La confondante vulnérabilité.

La dramatique que je viens de décrire peut être très séduisante. S’endurcir laisse deviner la gravité de l’existence humaine. Cependant s’il ne relève pas de l’accomplissement d’une mission juste et bonne, elle peut flatter la fierté et la vanité de celui qui estime qu’il a suffisamment souffert pour le justifier. Combien j’en ai rencontré de ces personnes qui ont couplé la désillusion, les marques d’une souffrance passée, et la posture de « ceux qui ont été éprouvés par la vie » pour justifier leur

insensibilité, notamment à l’égard des autres. Il arrive parfois que ce soit la seule protection qu’ils aient trouvée pour résister à leurs blessures, pour éviter d’imploser à l’intérieur d’eux-mêmes. Il n’en demeure pas moins qu’il s’isole derrière un rempart. Ils oublient « qu’ils ne sont pas les seuls à avoir souffert », comme dirait Diana Prince dans Wonder Woman 1984. L’épitre de saint Jacques illustre les conséquences de cette indifférence, en déplorant l’asthénie de la compassion et la cécité du cœur, qui ne voit pas l’évidence et qui se prémunit contre une « ridicule sensibilité » à l’égard du pauvre.
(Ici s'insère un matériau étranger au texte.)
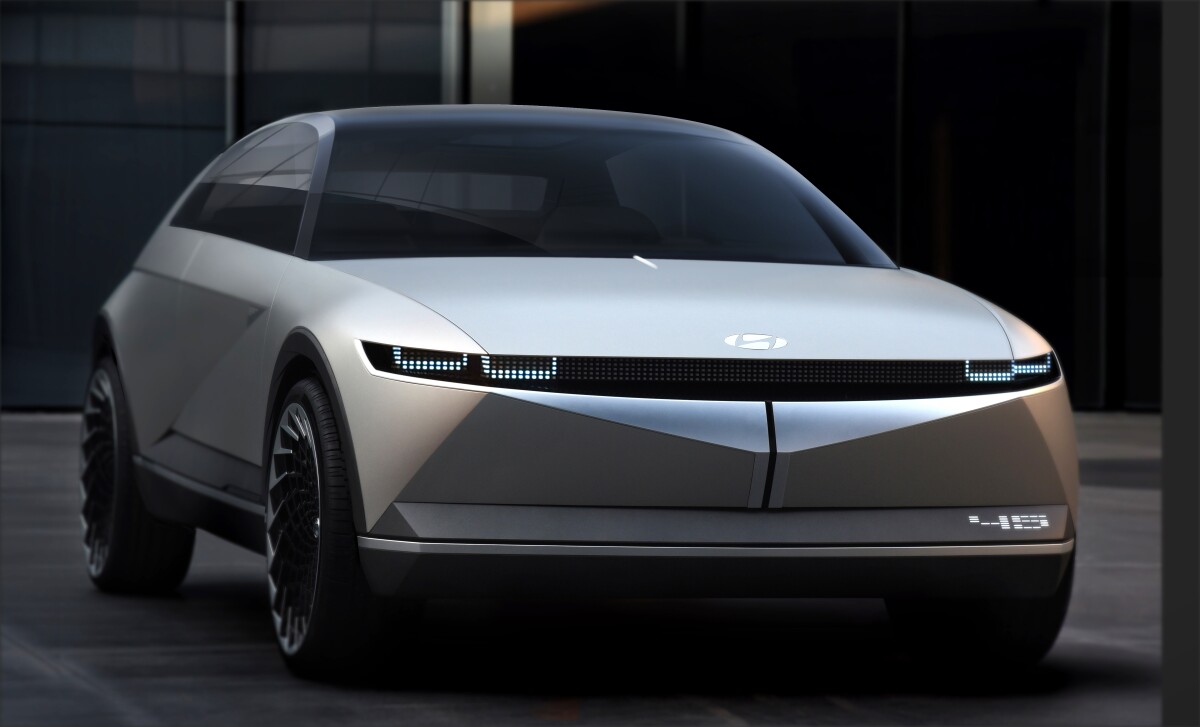 The simply named 45 concept owes its title to the 45 years that have passed since Hyundai unveiled the Pony Coupe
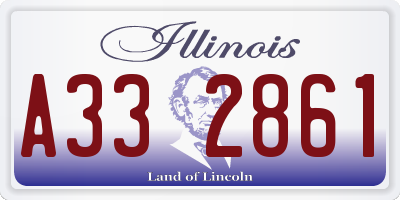 IL license plate A332861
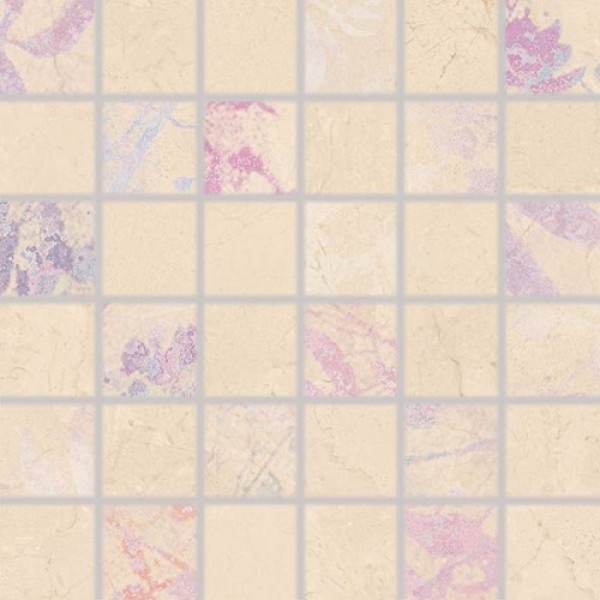 Levante Multicoloured Mosaic 5x5 298x298 WDM05592 Rako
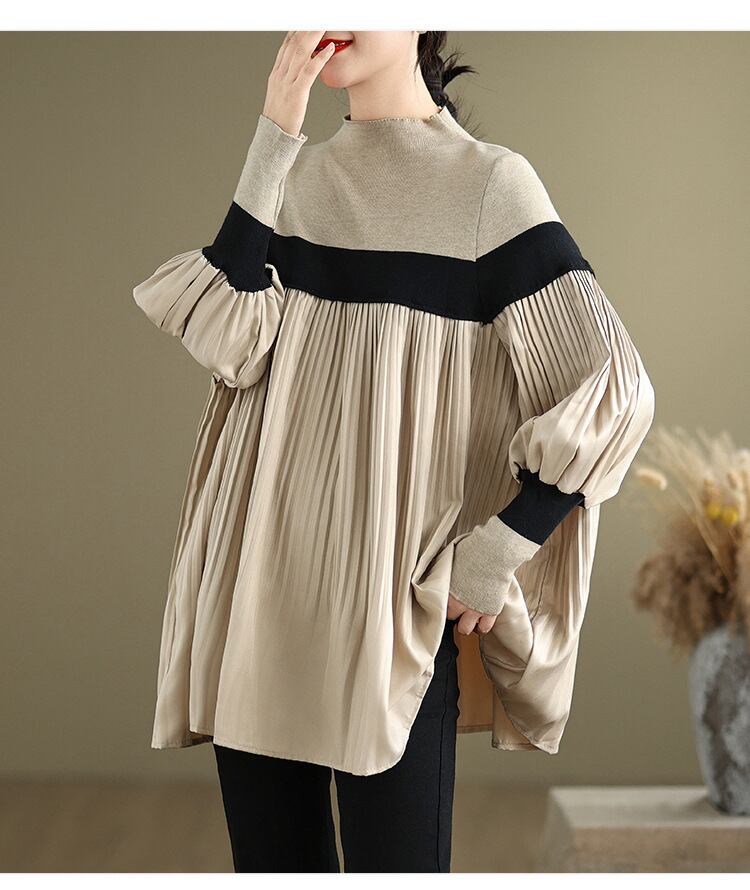 【tops】ドッキングニットトップス　M28451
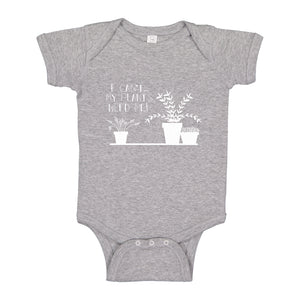 Baby Onesie I Can't My Plants Need Me! 100% Cotton Infant Bodysuit
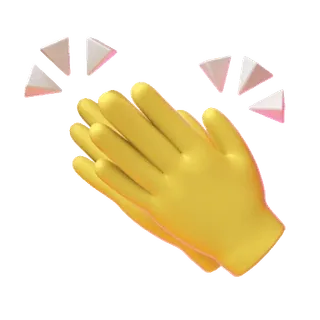 🌟 klappende handen, emoji, handen, applaus telegram sticker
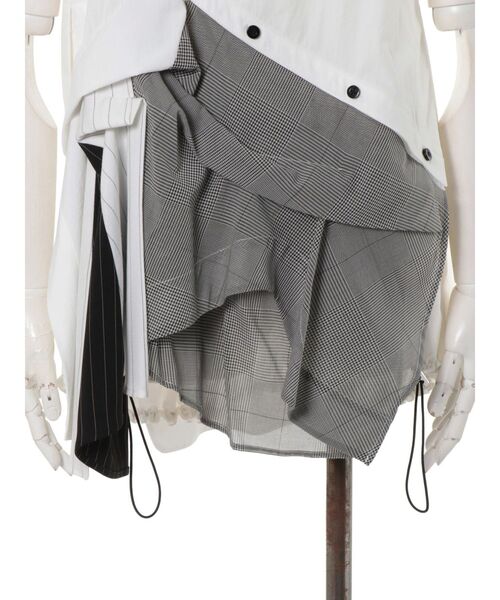 UN3D.(アンスリード)の「PATTERN MIX SHIRT CAMISOLE / パターンミックスシャツキャミソール(シャツ/ブラウス・レディース・ホワイト/ブラック/その他1/グレー・38/36)」の13枚目の写真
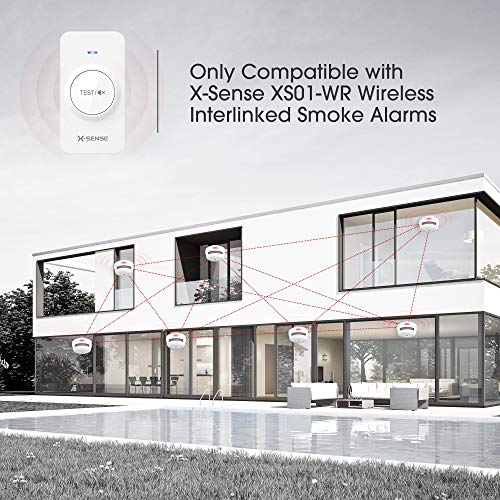 X-Sense Wireless Interconnected Combination Smoke and CO Alarms SC07-W (3-Pack) and Remote Control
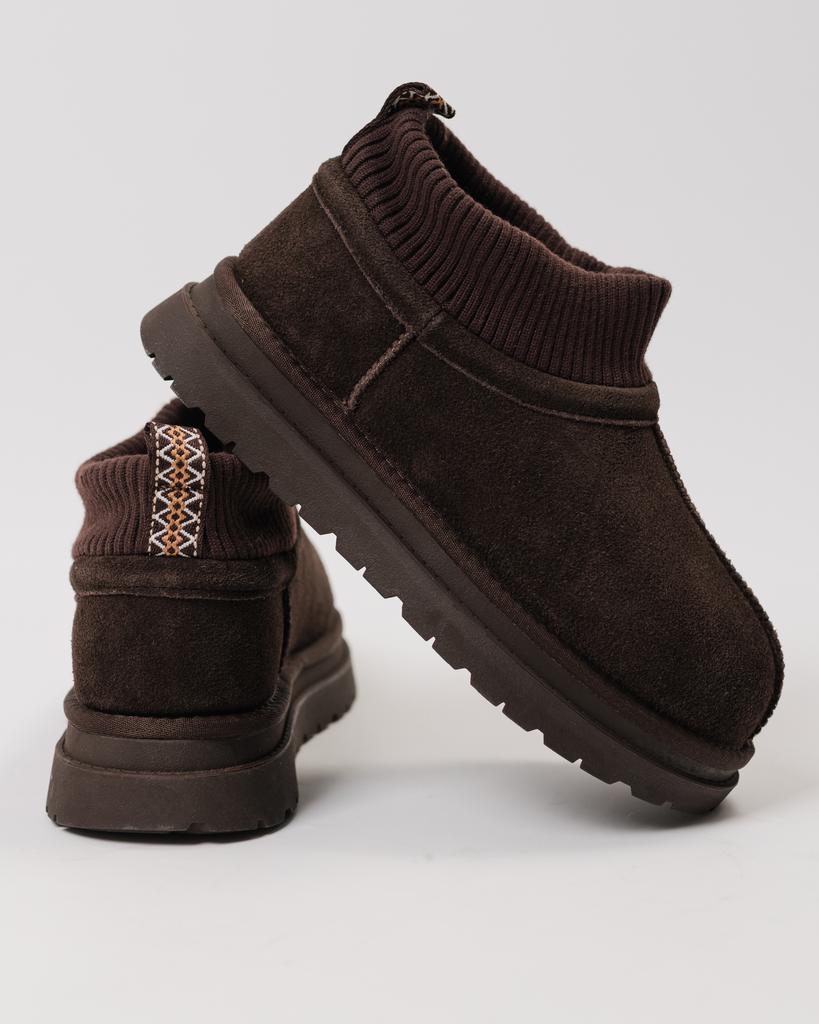 Ugg Short with Sock Lola Andy 12082 36 Chocolate Suede Wool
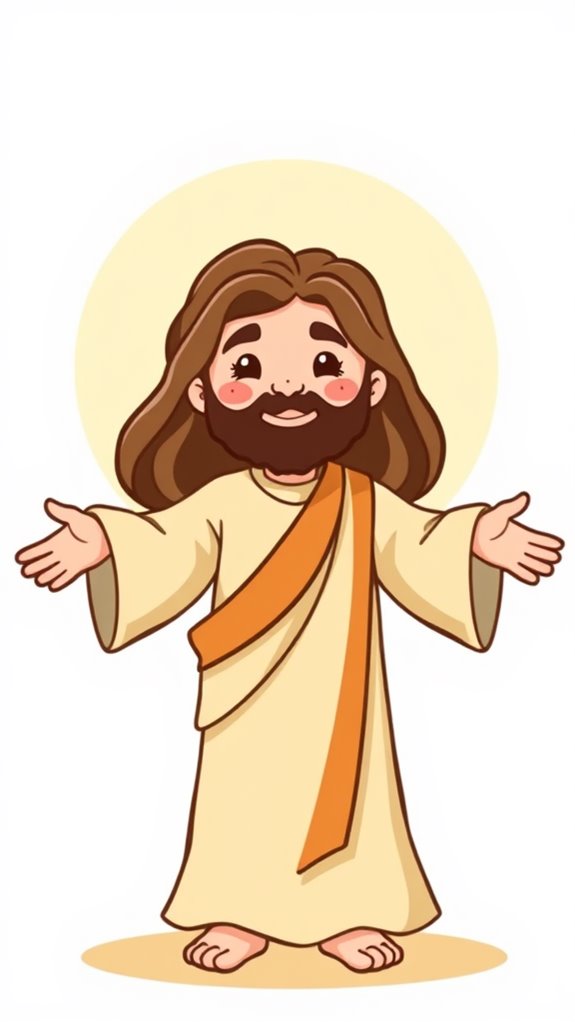welcoming jesus clipart image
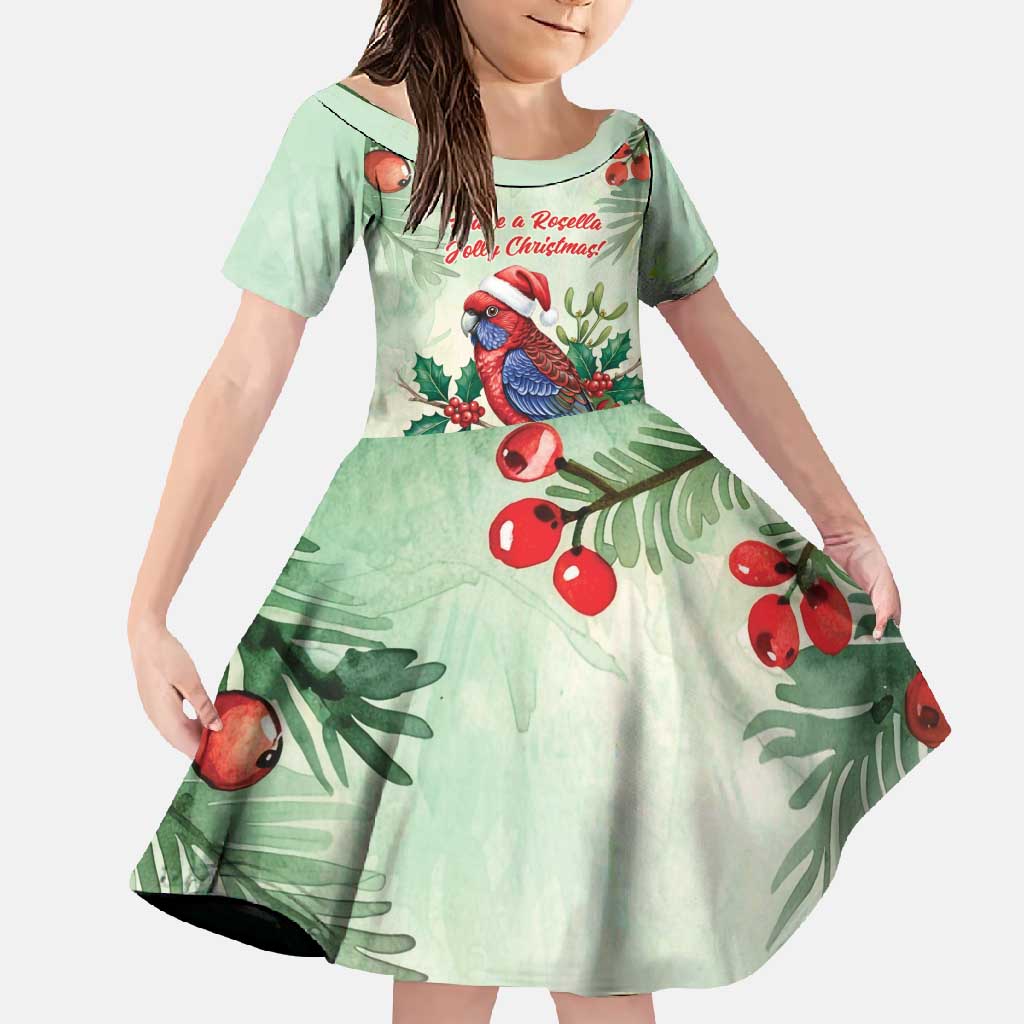 Watercolor Floral Crimson Rosella Family Matching Mermaid Dress and Hawaiian Shirt It’s Aussie Christmas Time! - Aussie Hoodie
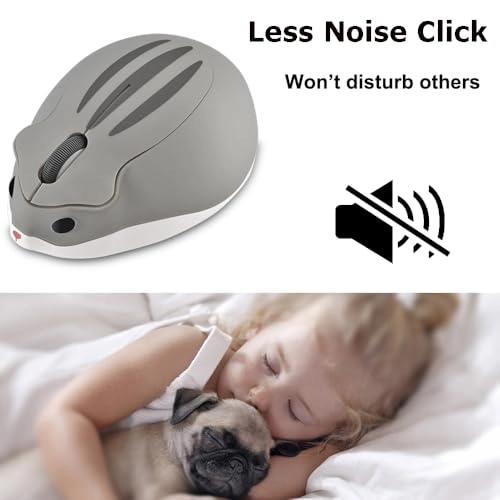Hamster Shape Optical Mouse - Wireless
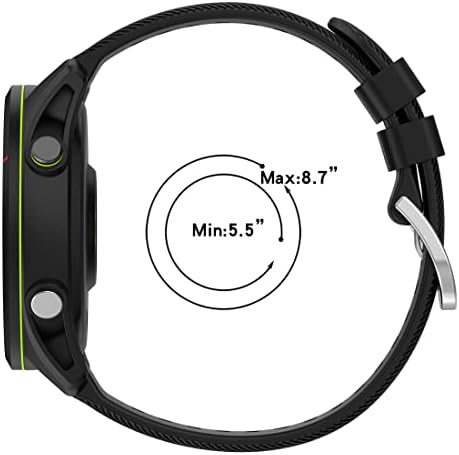 Yoktburu Watch Band Compatível com Garmin Forerunner 255/Vivoactive 4, 22mm Sport ajustável Strap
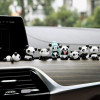  8pcs OF Cute Panda Style Car Ornaments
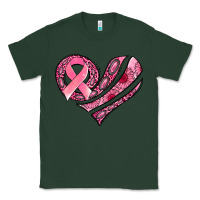 Sports Green breast cancer awareness heart Classic Tee - Jasminsmagicworld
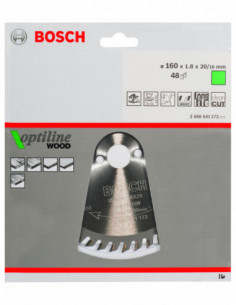 Comprar Disco de sierra circular Optiline Wood para sierras portátiles. Ref: 2608641172 2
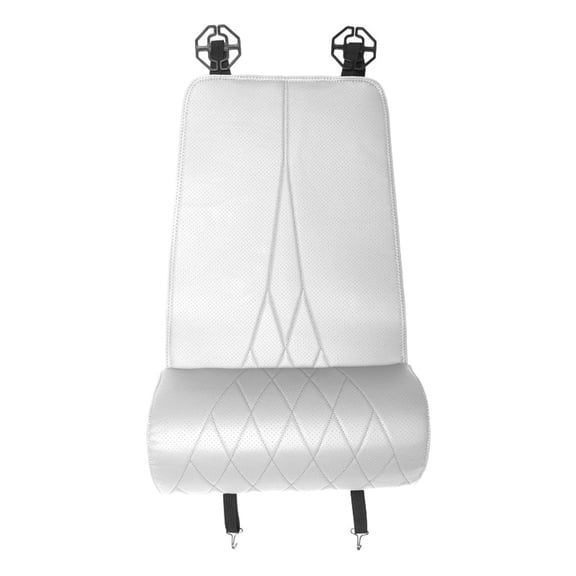 Ergonomic Cars Seats Cushion with Extended Thigh Favour - Breathable Leather Design for Long Drive Comfort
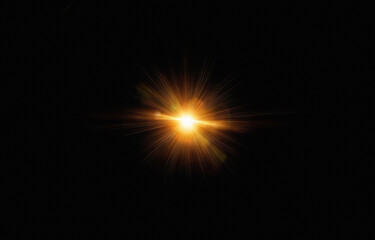 Poster - A bright, golden light bursts forth from the center of the image, radiating out in a series of thin, glowing lines.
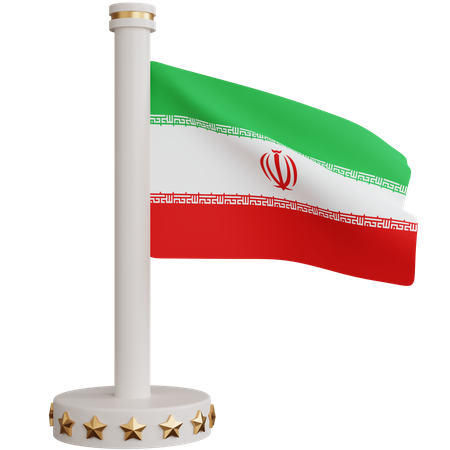 Iran National Flag  3D Icon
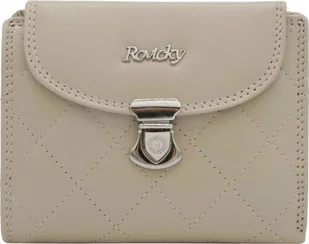 Rovicky Skórzany damski portfel Rovicky R-RD-19-GCL-Q NoSize - Portfele - miniaturka - grafika 1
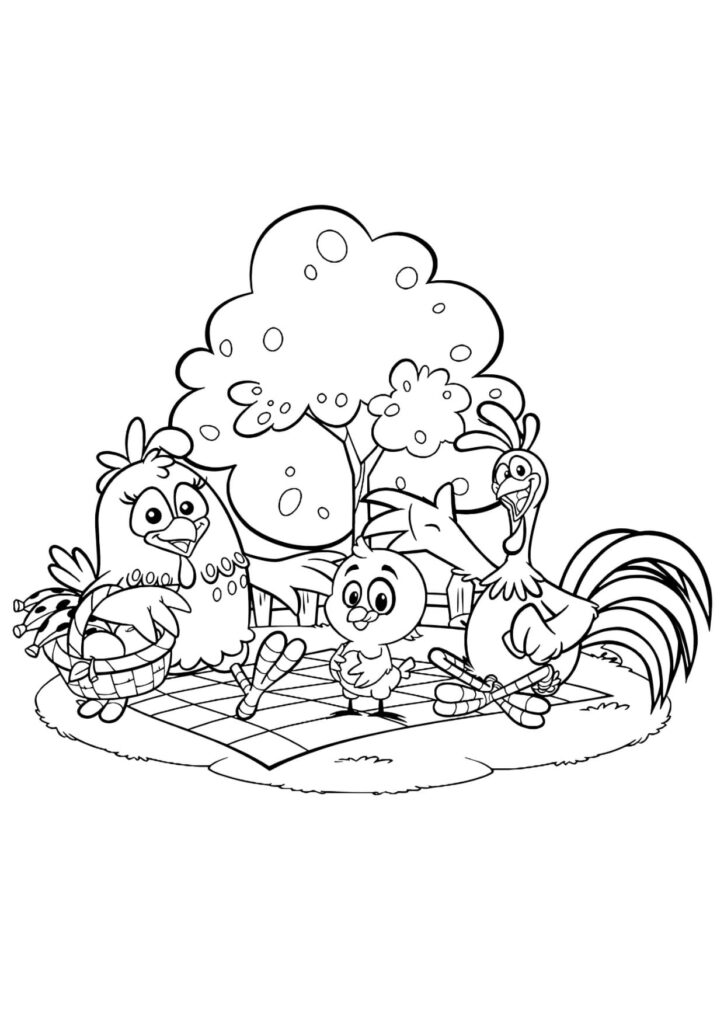 Desenhos da Galinha Pintadinha Para Colorir e Imprimir PDF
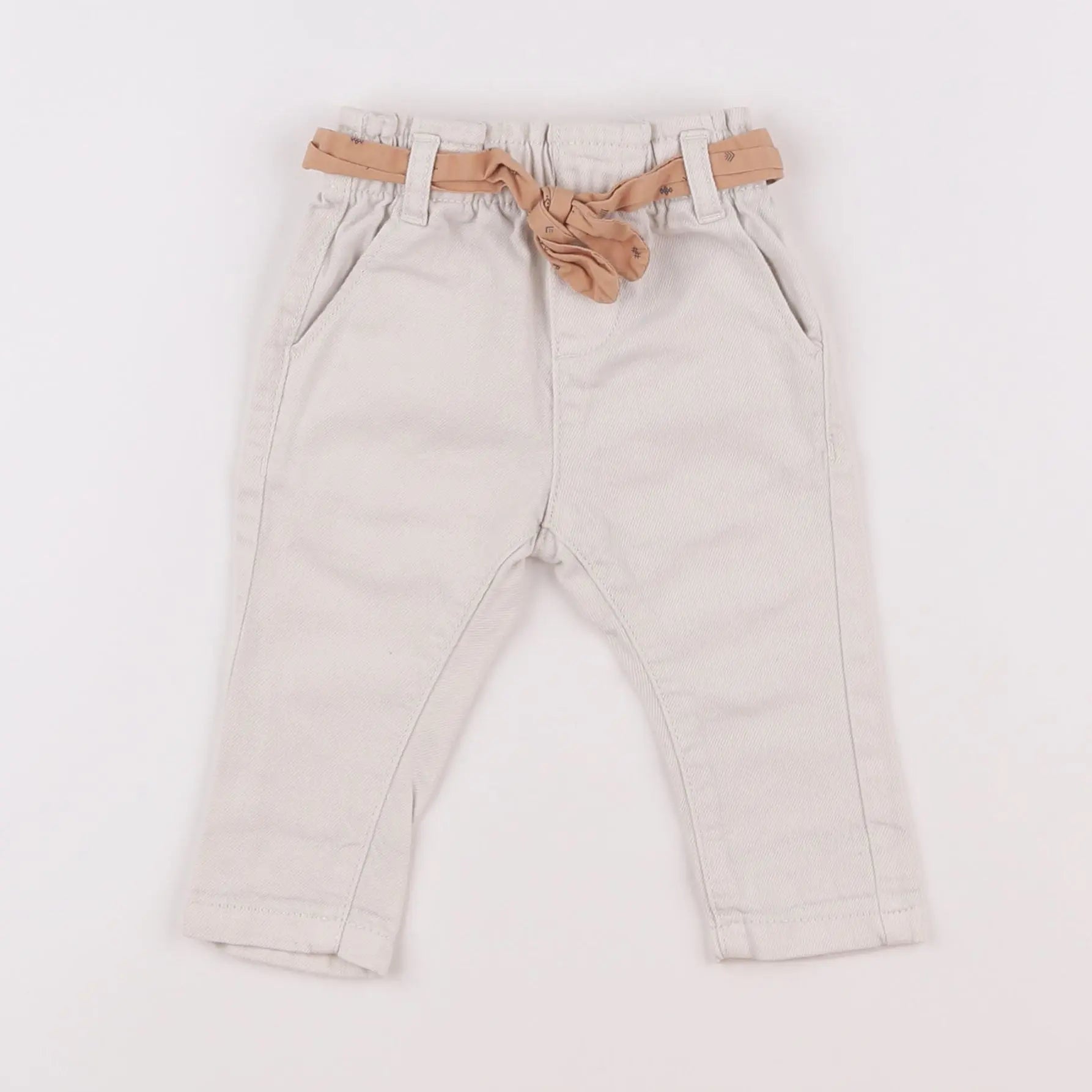 Vertbaudet - pantalon beige - 3 mois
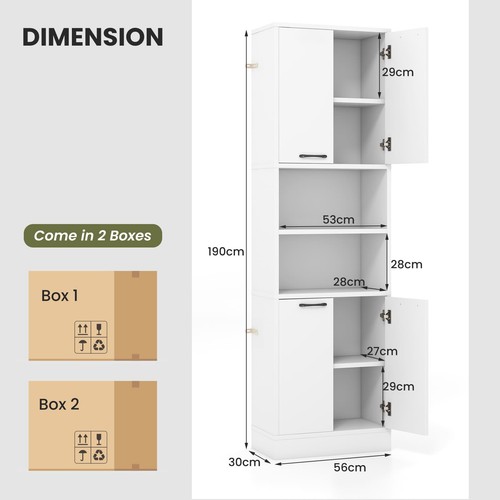 Pantry cabinet 190cm tall - pantry,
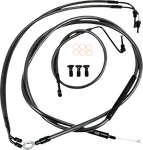 Choppers Standard Midnight Braided Handlebar Cable/brake Line #LA-8155KT-13M. Fixed Price $218.38.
Certainement balançons-nous entre ces deux attitudes, hésitant sur le temps opportun où il faut s’en remettre à l’une plutôt qu’à l’autre. Prenez le cas d’un mendiant qui fait la manche : nous oscillons entre la fermeté du refus justifiée par la lucidité et la générosité du don qui nous permet de vérifier que notre cœur n’est pas de pierre. Il vous est probablement déjà arrivé d’éprouver cette impression pénible de décevoir, mais en sachant que cela était conforme à ce qui était juste. Ou alors de donner en sachant que c’était aussi juste. Le discernement est un vrai art et il faut accepter le risque de nous tromper pour pouvoir le cultiver. Nous retrouvons cette dialectique aussi dans l’éducation où la tendresse des parents doit se conjoindre avec la fermeté, pour progressivement permettre à un enfant d’accéder à la réalité.